With respect to Robby McKilliam's comment: I think the difficulty a frequentist would have with this lies in the definition of "prior knowledge", not so much with the ability to incorporate prior knowledge in a model. For example, consider estimating the probability that a given coin will come up heads. Let us assume my prior knowledge was, essentially, an experiment in which that coin had been flipped 10 times and came up with 5 heads, or perhaps of the form "the factory made 1 million coins, and the dist'n of $p$, as determined by huge experiments, is $\beta(a,b)$". Everyone uses Bayes' Rule when you really do have prior information of this type (Bayes' Rule just defines conditional probability, it's not a Bayesian-only thing) so in real life the frequentist and the Bayesian would use the same approach, and incorporate the information into the model via Bayes' Rule. (Caveat: unless your sample size is large enough that you are pretty sure the prior information's not going to have an effect on the results.) However, the interpretation of the results is, of course, different.
Difficulty arises, especially from a philosophical point of view, as the knowledge becomes less objective / experimental and more subjective. As this happens, the frequentist will likely become less inclined to incorporate this information into the model at all, whereas the Bayesian still has some more-or-less formal mechanisms for doing so, difficulties of eliciting a subjective prior notwithstanding.
With respect to regularization: Consider a likelihood $l(\theta;x)$ and a prior $p(\theta)$. There is nothing to prevent, at least not technically, a frequentist from using maximum likelihood estimation "regularized" by $\log p(\theta)$, as in:
$\tilde{\theta} = \max_{\theta} \{\log l(\theta;x) + \log p(\theta) \}$
For $p(\theta)$ Gaussian, this amounts to a quadratic penalty shrinking $\theta$ towards the mean of the Gaussian, and so forth for other distributions. $\tilde{\theta}$ is equal to the maximum a posteriori (MAP) point estimate of a Bayesian using the same likelihood function and prior. Of course, again, the interpretation of the frequentist and Bayesian estimates will differ. The Bayesian is also not constrained to use a MAP point estimate, having access to a full posterior distribution - but then, the frequentist doesn't have to maximize a regularized log likelihood either, being able to use various robust estimates, or method-of-moments, etc., if available.
Again, difficulty arises from a philosophical point of view. Why choose one regularization function over another? A Bayesian can do so - shifting to a prior - based view - by assessing the prior information. A frequentist would have a harder time (be unable to?) justifying a choice on those grounds, but instead would likely do so largely based on the properties of the regularization function as applied to his/her type of problem, as learned from the joint work / experience of many statisticians. OTOH, (pragmatic) Bayesians do that with priors too - if I had $100 for every paper on priors for variances I've read...

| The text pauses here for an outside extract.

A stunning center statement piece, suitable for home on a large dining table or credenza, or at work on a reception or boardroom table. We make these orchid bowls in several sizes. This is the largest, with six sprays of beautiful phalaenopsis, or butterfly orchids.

Other "thoughts": I've skipped the entire issue of selecting a likelihood function by assuming that it is unaffected by the frequentist / Bayesian viewpoint. I'm sure in most cases it is, but I can imagine that in unusual situations it would be, e.g., for computational reasons.
Summary: I suspect frequentists can, except perhaps for some corner cases, incorporate pretty much any prior information into their models that a Bayesian can, from a strictly mathematical and computational viewpoint. Interpretation of results will of course be different. I don't, however, believe the frequentist would regard it as philosophically correct to do so in all cases, e.g., the regularization function above where the person down the hall who actually knows something about $\theta$ says "I think $\theta$ should be around 1.5". And incorporating close-to-ignorance via, say, a Jeffrey's prior, is right out.